TASK MATERIAL:
# # #

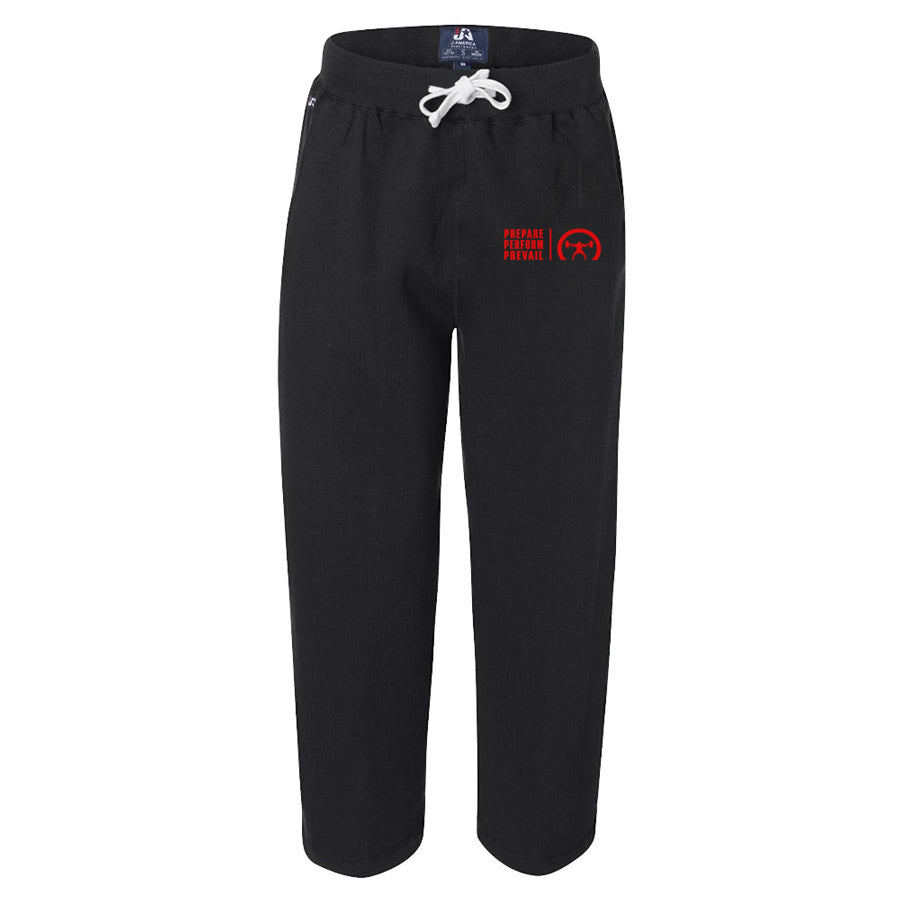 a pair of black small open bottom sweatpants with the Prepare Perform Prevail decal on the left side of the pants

# # #

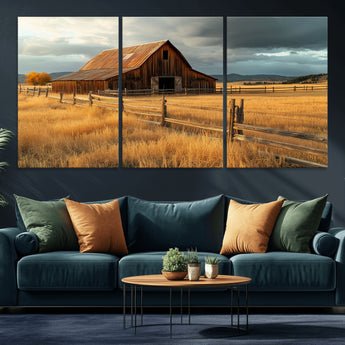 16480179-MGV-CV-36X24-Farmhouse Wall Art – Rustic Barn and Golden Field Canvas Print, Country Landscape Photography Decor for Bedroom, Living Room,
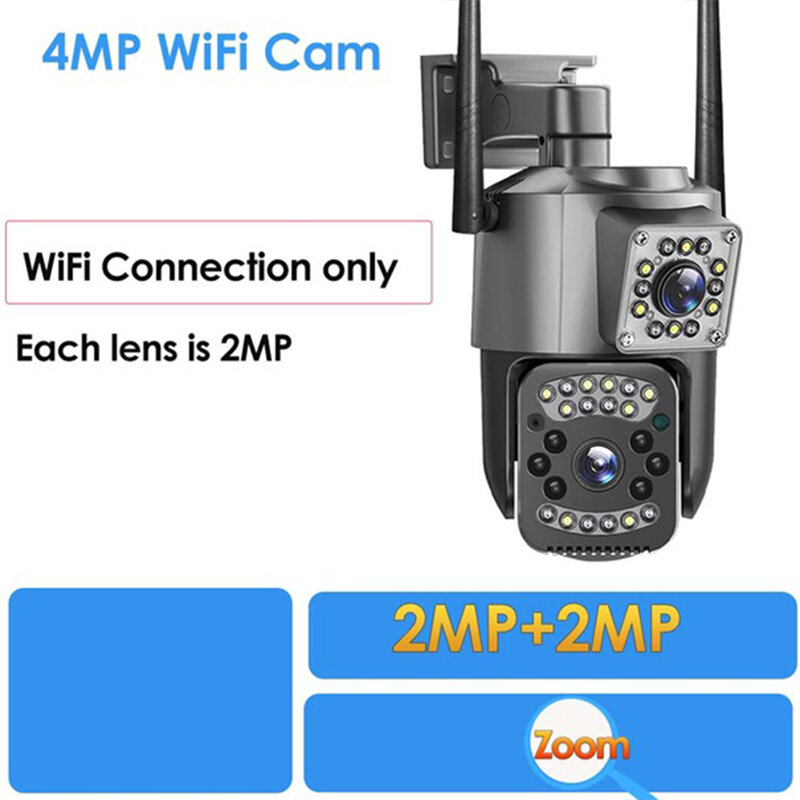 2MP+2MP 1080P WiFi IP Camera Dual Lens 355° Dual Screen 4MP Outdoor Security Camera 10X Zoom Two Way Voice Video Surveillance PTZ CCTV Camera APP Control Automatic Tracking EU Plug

# # #

WORK ORDER:
All that is wanted is the lines above between the one containing "16480179-MGV-CV-36X24-Farmhouse Wall Art" and the one containing "2MP+2MP 1080P WiFi", inclusive, restated word for word, with pictures omitted.

EXERCISE OUTPUT:
 16480179-MGV-CV-36X24-Farmhouse Wall Art – Rustic Barn and Golden Field Canvas Print, Country Landscape Photography Decor for Bedroom, Living Room,
 2MP+2MP 1080P WiFi IP Camera Dual Lens 355° Dual Screen 4MP Outdoor Security Camera 10X Zoom Two Way Voice Video Surveillance PTZ CCTV Camera APP Control Automatic Tracking EU Plug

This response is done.